藤島友重
Fujishima Tomoshige
解説
## 藤島友重と越前藤島派 藤島友重は南北朝時代に越前国(現・福井県)藤島(現・福井市西部)で活躍した刀工であり、越前藤島派の始祖とされる。越前は東山道・北陸道の要衝として古来から交通の要所であり、鎌倉期には刀剣制作の萌芽的な動きがあったが、友重の時代に越前の刀剣生産が初めて本格的な発展を遂げた。 友重の時代は南北朝の動乱期であり、越前もまたその戦火に揺れた。足利尊氏と新田義貞の抗争の舞台となった越前において、友重は地場産業としての刀剣製造を確立するとともに、相州伝の強い影響を受けた独自の作風を展開した。越前と相模の間に直接的な人的交流があったかどうかは史料的に不明確だが、友重の作風が相州伝の技法を的確に消化していることは確かであり、情報と技術の広範な流通を示している。 ## 皆焼と相州的地鉄 藤島友重の作刀の最大の特徴は「皆焼(ひたつら)」の使用である。皆焼は刃文が刀の表面全体に広がる焼き方であり、通常の刃文のように明確な境界を持たず、地と刃の区別がほぼ消える劇的な視覚効果を持つ。この技法は相州伝の正宗・長義らが発展させたもので、それを越前の地方工として早期に取り込んだ友重の感性と技術力は特筆に値する。 地鉄は板目流れで、大肌になる傾向があり、地沸が全体に厚く付く。正宗十哲の工と直接比較するには地鉄の精緻さで及ばない部分もあるが、地方工として相州的な豪壮な地鉄美を実現した点は高く評価されてきた。皆焼の焼き入れに際しては、焼き幅の管理が極めて難しく、経験に裏打ちされた高度な火加減の制御が必要とされる。
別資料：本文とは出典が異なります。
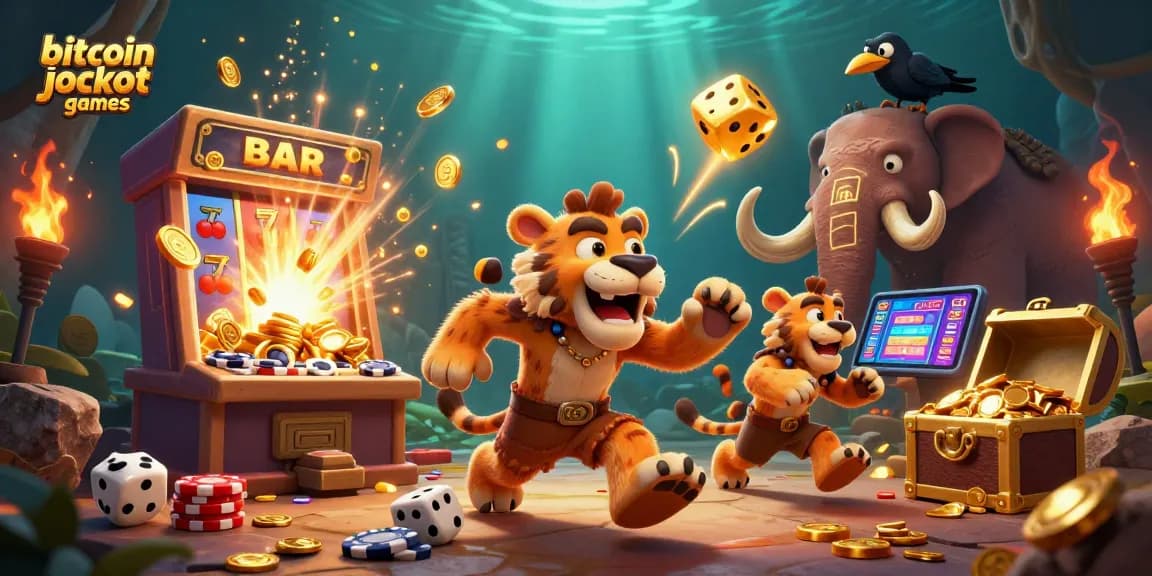 Experience thrilling bitcoin jackpot games with exciting adventures in a prehistoric casino setting.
友重がこれを越前の地で実現した事実は、彼の独立した技術的達成を証明している。 ## 姿と刀姿の特色 友重の太刀は南北朝期特有の大振りな造りを基本とし、身幅広く、重ねがしっかりしており、元幅と先幅の差が比較的少ない「均一な刀姿」を示すものが多い。この「武骨な均整美」ともいうべき造形は、越前という地域の実用的な武器需要を反映していると考えられる。大太刀・長巻の需要も高かった時代であり、友重もそれに応えた大型の作品を手がけている。 彫物(彫刻)を施した作品もあり、棒樋に加えて梵字・剣の彫り物が知られる。これらは仏教的・呪術的な意味合いを持ち、越前の寺社勢力や武家からの宗教的需要に応えたものと理解される。 ## 越前刀剣史における位置 友重以後、越前の刀剣制作は継続的に発展し、江戸時代には越前康継・越前来国次など一線の刀工を輩出する土壌となった。その意味で友重は越前刀剣史の始祖的存在であり、後の越前刀剣文化の可能性を最初に示した刀工として位置づけられる。現存する重要文化財指定の作例は少ないながらも確実に存在し、友重の技術的達成を今日に伝えている。 ## DATEKATANAと藤島友重 DATEKATANAが藤島友重を取り上げるのは、五伝(山城・大和・備前・相州・美濃)の枠外に広がる地方刀剣文化の豊かさを伝えるためである。相州伝の皆焼という最も劇的な技法を越前の地において自らのものとした友重の作は、「中央技術の地方的受容と変容」という日本刀史の重要なテーマを体現している。その武骨な皆焼の迫力は、現代の鑑賞者にも直截な訴求力を持ち続ける。